研究課題/領域番号 |
23380147
|
研究機関 | 東京大学 |
研究代表者 |
大下 誠一 東京大学, 大学院・農学生命科学研究科, 教授 (00115693)
|
研究分担者 |
牧野 義雄 東京大学, 大学院・農学生命科学研究科, 准教授 (70376565)

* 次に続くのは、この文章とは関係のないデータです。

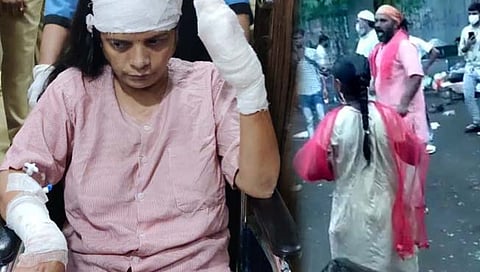 ठाणे महापालिकेच्या महिला सहाय्यक आयुक्तांवर चाकूने हल्ला, दोन बोटे तुटली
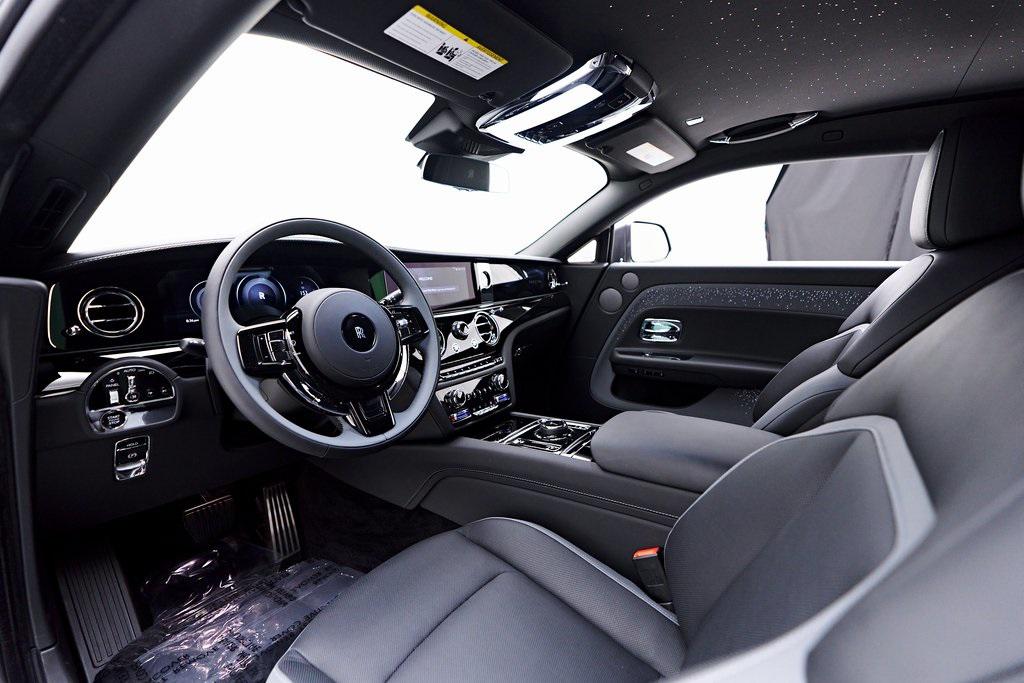 Used 2025 Rolls-Royce Spectre Base with VIN SCATK2C00SU227612 for sale in Las Vegas, NV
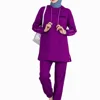 สีม่วง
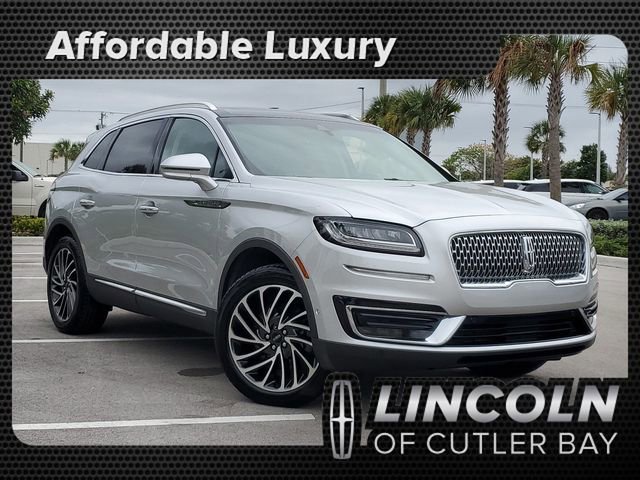 Used 2019 Lincoln Nautilus Reserve image 1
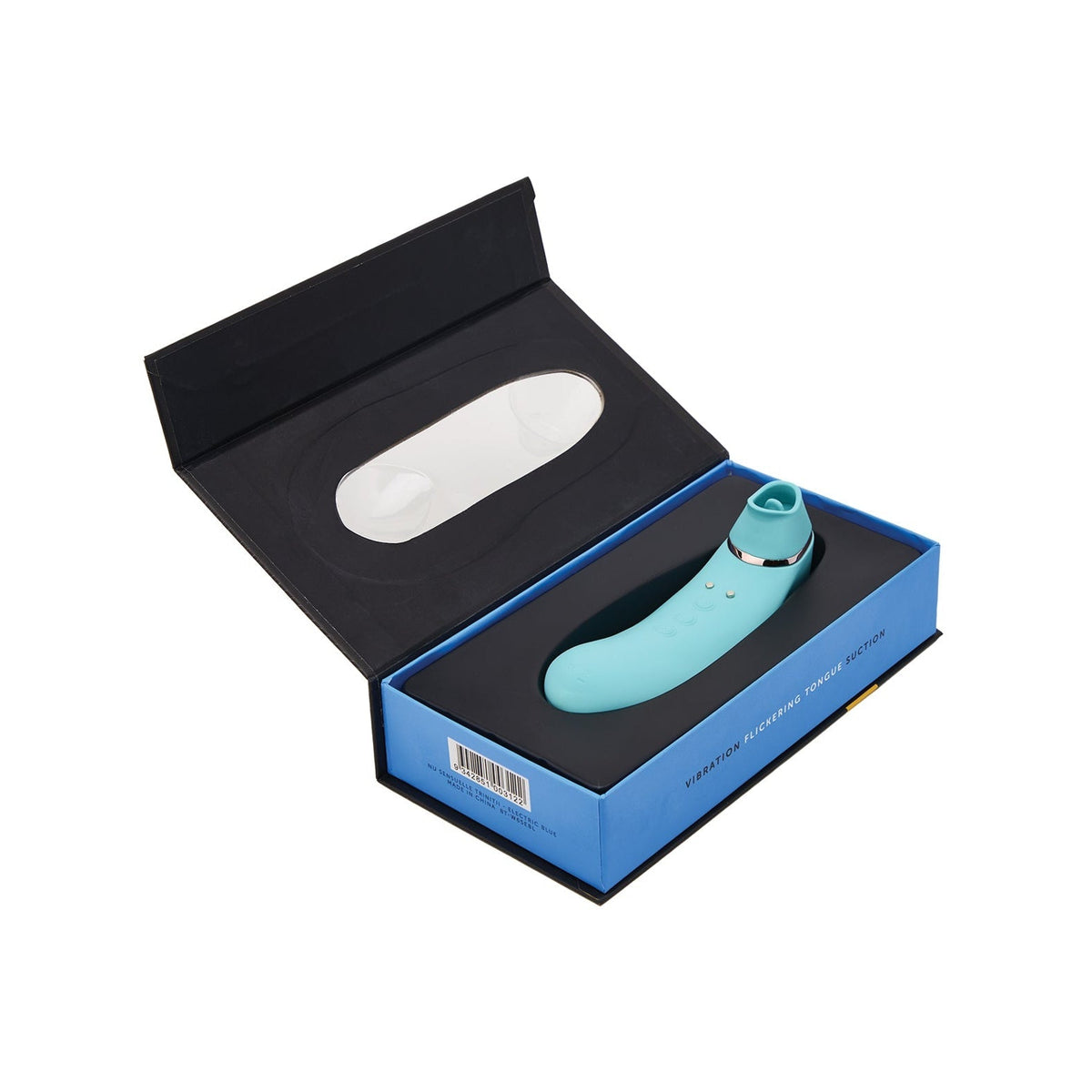 Sensuelle Trinitii Tongue Vibe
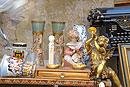 Cherubs at the Rastro Madrid
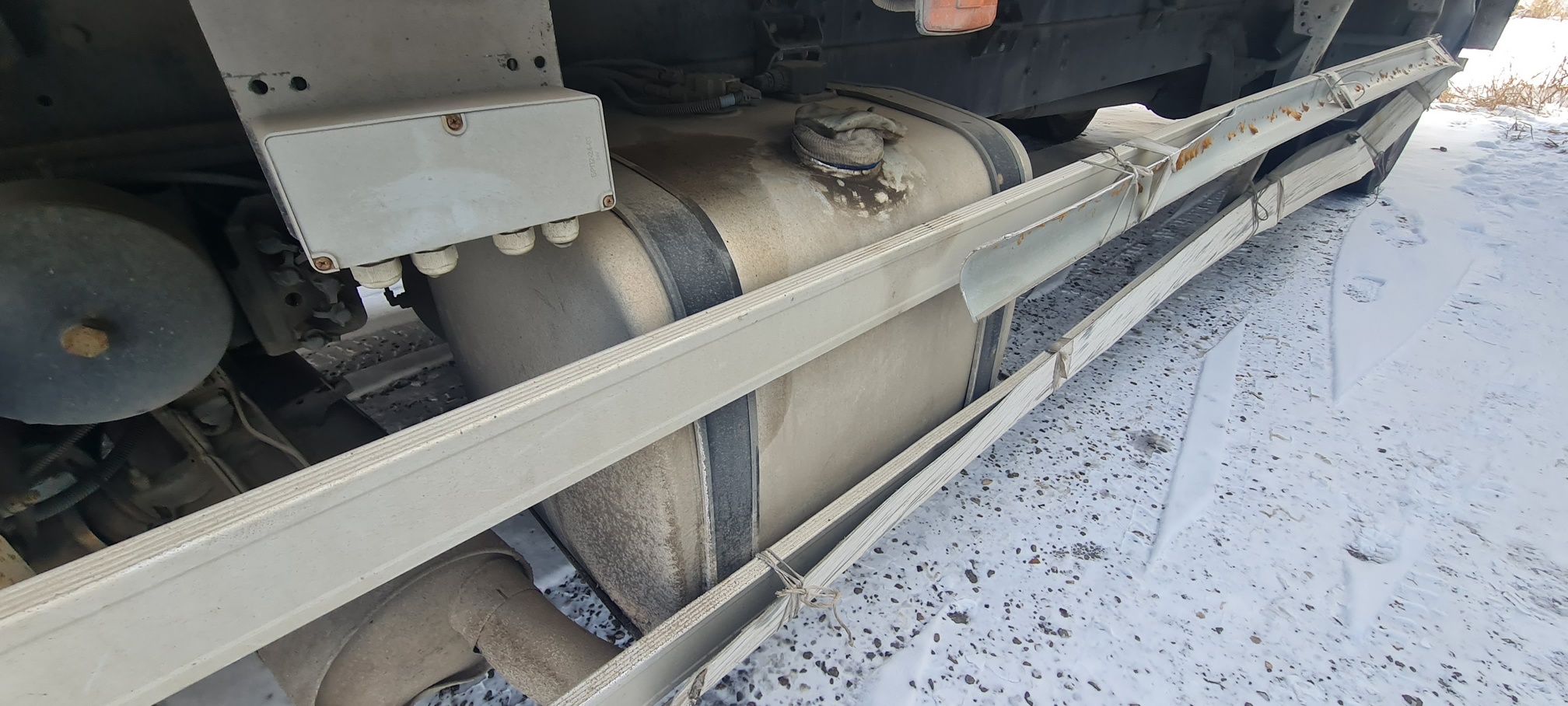 Рефрижератор на ш.КАМАЗ 5325 2022 г. - фото 70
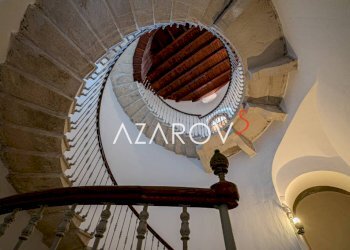 Interno palazzo - Quadrilocale corso Nizza, 45, Ventimiglia - foto 12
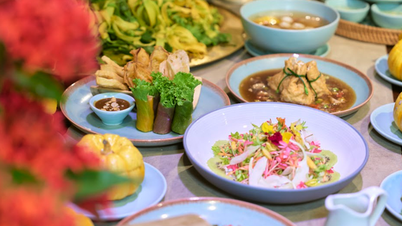 Vegetarian dishes for Vu Lan season: spreading the spirit of filial piety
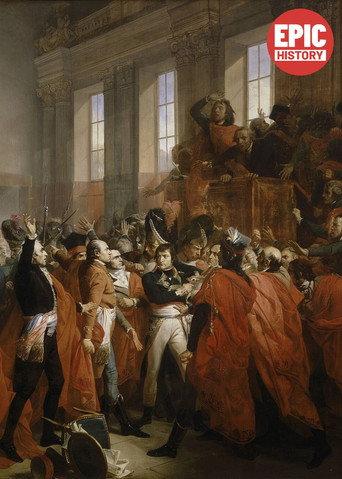 Napoleon Seizes Power - The Brumaire Coup (2024) poster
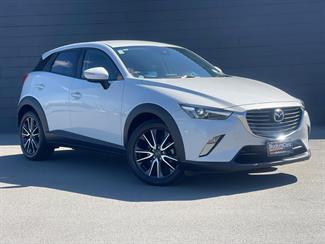 2017 Mazda CX-3 - Thumbnail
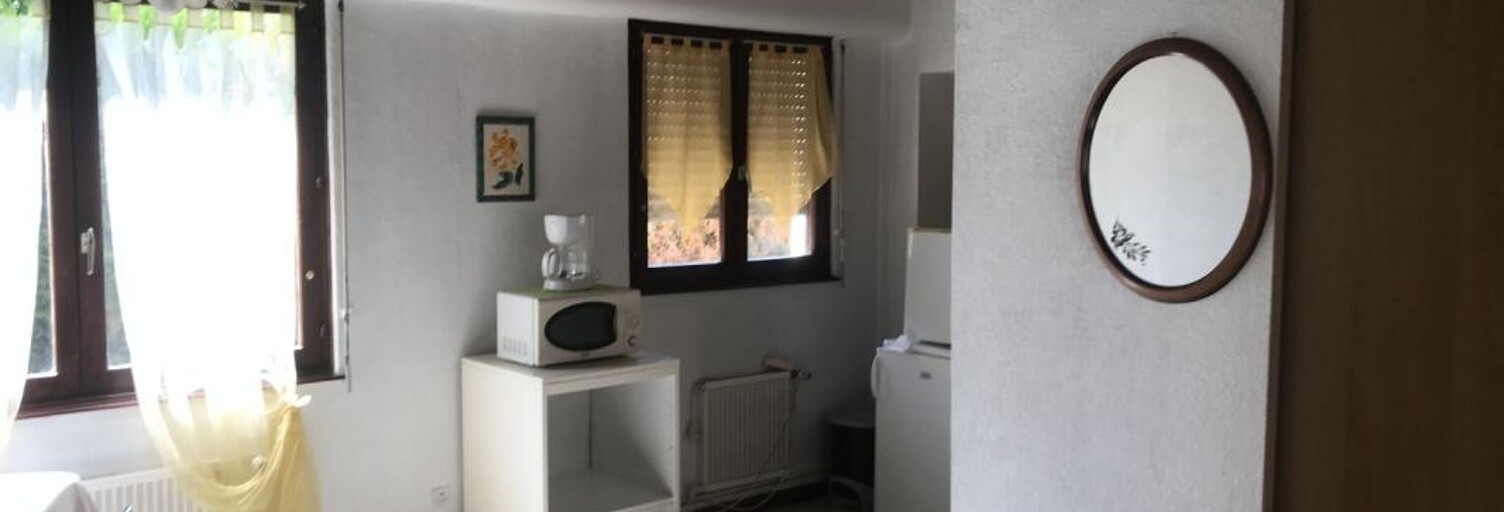 Appartement 1 Pièce 30 m² à louer à Metz (57000)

川越 義則 東京大学, 大学院・農学生命科学研究科, 助教 (80234053)
|
キーワード | 光センシング / 分光反射スペクトル / ATP / 一般生菌数 / 豚肉 / ミオグロビン誘導体 / 回帰モデル |
研究概要 |
光センシング、すなわち、分光反射情報からのATP検出を基本にして、食肉表面に付着した生菌数を瞬時に評価できる技術開発を目的として研究を行った。 豚ロース肉のスライス片を試料とし、試料を15℃で保存して経時的に表面の分光反射スペクトルを取得した。分光反射スペクトルの取得毎に試料表面の4cm四方を綿棒の先端でふき取って(ふき取り法)、先端部のみを滅菌水に投じて撹拌した試料液を調製した。この試料液から、一般生菌数は標準平板法に準拠した方法で、また、ATPは生物発光法で測定した。分光反射スペクトルは島津製作所(株)のUV-3600を用いて、一般生菌数は日本細菌検査(株)の一般生菌数測定用の乾式フィルム培地を用いた培養法により、また、ATPは東洋ビーネット(株)のATP発光キットを用いて発光量をアトー(株)のルミネッセンサーにより測定した。 その結果、単位面積当たりのATP量の対数と単位面積当たりの一般生菌数の対数は良い相関を示し、初期の相関は低いものの、保存期間全体(72時間)にわたる決定係数は0.96であった。これにより、ATP量の変化は、保存時間と共に増殖する一般生菌数の変化と1:1に対応することが示された。 一方、反射スペクトルの2次微分値の経時変化からATPに関係すると推察される吸収波長が318nmにあり、ミオグロビン誘導体に起因すると思われる吸収波長が578nmにあることが示され、318nmと578nmにおける2次微分値を用いて(ATP量の対数)および(一般生菌数の対数)を推定する多項式回帰を行った結果、(ATP量の対数)の推定モデルではR2=0.85、RMSE=0.53、SE=0.55、(一般生菌数の対数)の推定モデルではR2=0.84、RMSE=0.89、SE=0.91となった。さらに、部分最小二乗回帰を行った結果、(ATP量の対数)および(一般生菌数の対数)のいずれの回帰モデルでもR2=0.95が得られた。
|
現在までの達成度 (区分) |
現在までの達成度 (区分)
1: 当初の計画以上に進展している
理由
当初に想定したATP量と一般生菌数との線型モデルが得られたことに加え、ATP由来と推察される吸収波長とミオグロビン誘導体に起因した吸収波長が実験的に認められ、ATP量や一般生菌数の推定に有用な波長が特定された。さらに、精度の高い推定モデルが得られた。
|
今後の研究の推進方策 |
豚肉スライス片を72時間保存する過程におけるATP量や一般生菌数を推定するモテルが得られたが、本研究が狙いとする食肉加工場の衛生評価では、豚肉表面のATP量や一般生菌数が危険なレベルになったときの評価が重要になる。この観点からすると、72時間の全保存期間ではなく、初期の早い段階での推定精度を高める必要がある。今後、保存初期(36時間あるいは48時間程度)においても、必要な推定精度が得られるかどうか検討する。